Flickr user Slasher Fun SILENCE!
Well, I'm not done banishing people from restaurants yet. There are a host of egregious violations of restaurant etiquette yet to be covered. Some of these were contributed by commenters in the first article.
1. The Lecturer
I had a date recently with someone who decided to use our time together to lecture me about my food habits. She was full of crackpot theories about balance between different types of food; I'm pretty sure she used every hippie touchword from here to the premiere of Hair while criticizing every choice I made. (Did I mention this was our one and only date?)
"You know, that's full of fat. If you eat fat, you'll get fat." (Too late.)
"It's a bad idea to eat cruciferous vegetables in conjunction with carbohydrates. It will discolor your aura." (Yes, seriously.)
"Don't drink alcohol. Hangovers are a way of culling the herd; you run slower with a hangover." (I'll be sure to check outside my front door for slavering coyotes before I go out tomorrow morning.)
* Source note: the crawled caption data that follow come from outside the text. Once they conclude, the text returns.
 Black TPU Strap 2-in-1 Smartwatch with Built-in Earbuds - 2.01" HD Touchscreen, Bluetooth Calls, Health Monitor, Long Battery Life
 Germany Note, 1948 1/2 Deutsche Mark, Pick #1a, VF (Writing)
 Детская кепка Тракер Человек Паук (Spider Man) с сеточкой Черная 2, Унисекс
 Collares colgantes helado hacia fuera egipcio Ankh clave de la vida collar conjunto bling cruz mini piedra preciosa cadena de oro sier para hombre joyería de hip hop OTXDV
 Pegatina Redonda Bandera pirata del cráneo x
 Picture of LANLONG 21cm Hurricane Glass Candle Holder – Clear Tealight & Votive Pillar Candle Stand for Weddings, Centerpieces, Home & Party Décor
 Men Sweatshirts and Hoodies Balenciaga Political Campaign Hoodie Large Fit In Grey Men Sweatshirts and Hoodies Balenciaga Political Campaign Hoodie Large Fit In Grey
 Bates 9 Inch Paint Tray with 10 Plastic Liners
Nothing sucks all the joy out of eating in a restaurant like being frog-marched down someone's particular version of the straight and narrow.
2. The Kitchen Invader
There is one way to assure that you'll get yourself kicked out of a busy restaurant: walk into the kitchen and start talking to people.
It seems impossible that people would be this completely stupid, but some people are convinced that they can walk in to a place with boiling liquids, fire, and sharp knives and strike up a distracting conversation. Even if it's complimentary--your duck was awesome, was it confit in-house--it's distracting, rude, and potentially dangerous.
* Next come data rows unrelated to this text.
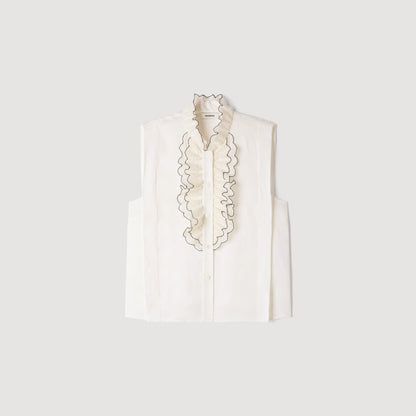 Citroria Ruffled Collar Shirt Ecru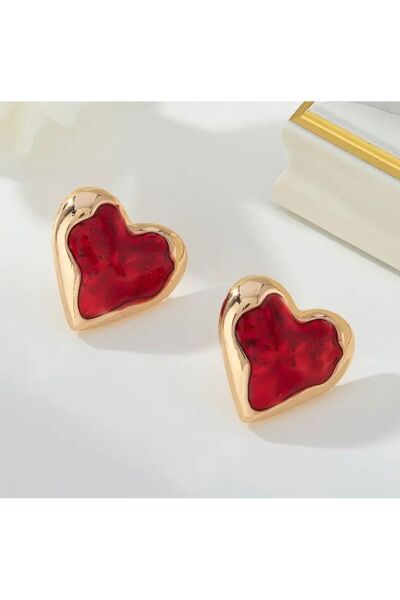 Hei Kırmızı Kalp Şeklinde Parlak Altın Sarısı Çivi Büyük Günlük Kullanım Kadın Küpe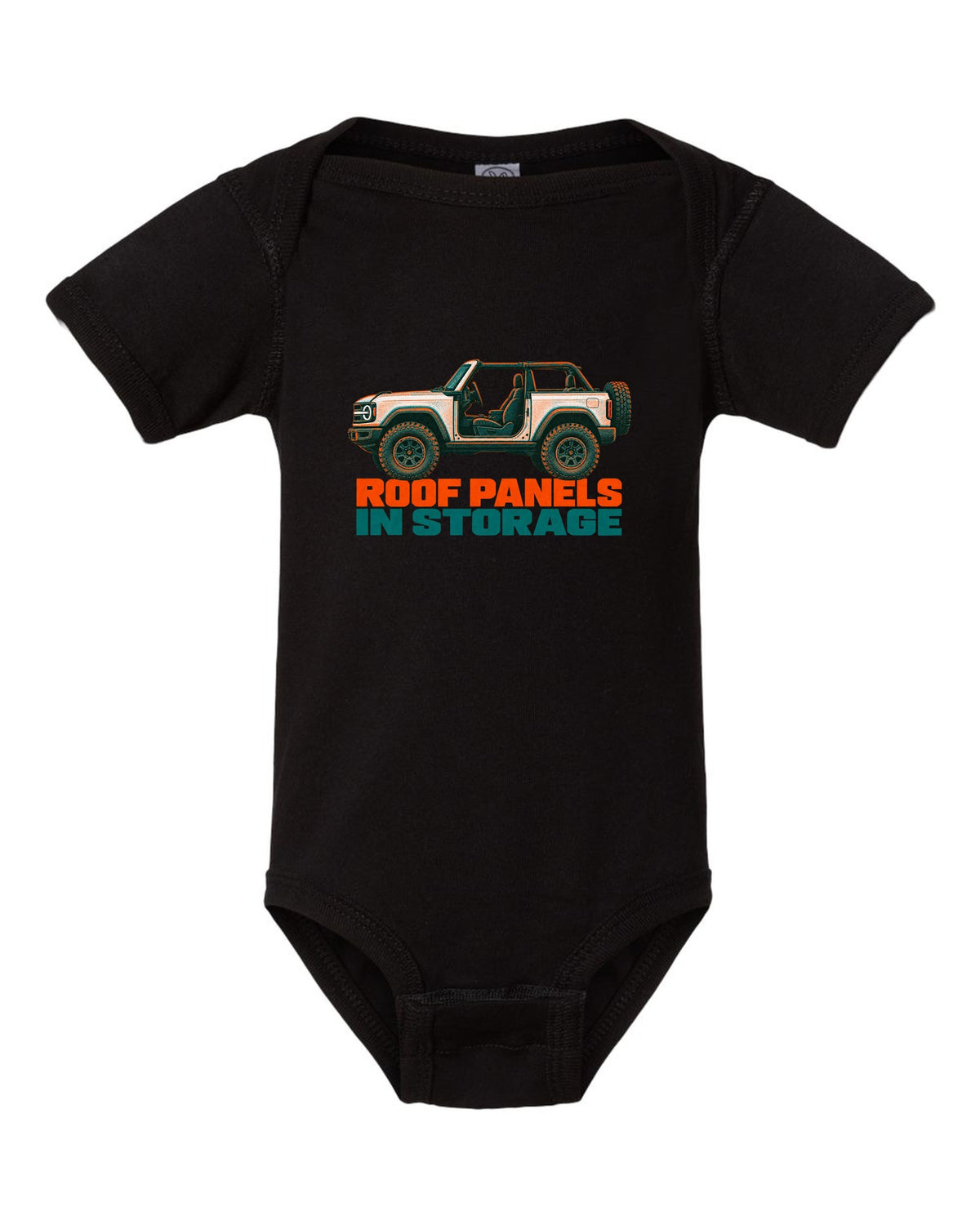 Risograph two-colour print of the Ford Bronco two-door U725 with roof panels in storage text black baby onesie front view with the design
If you absolutely have to talk to the chef, ask your server to pass a message along to see if he or she has time to come out and chat. If not, it's quite possible that the kitchen is too busy, or perhaps the chef doesn't feel like validating the idea that you're someone who can call a chef out of a kitchen.
3. The Snoggers
If you're lucky, this has happened to you: you have a hot date, everything just clicks into place, you bond immediately over the pre-dinner apéritif in the bar down the street, and by the time the pasta hits the table, you've migrated 165 degrees around the table and are busy tasting each other's appetizers after they've been eaten.
This is fine, and everyone secretly cheers for the people who made a love (or, uh, lust) match, but seriously, get a room. Ask for the food to go. Wink knowingly at the server. Tip well (come on, you're on a roll here, don't wreck out on the last curve), and repair forthwith to one or the other of your pads.
Why? Because, as my Aunt Clara used to say, when your lips or tongue are stuck out past your nose, you know you're being rude.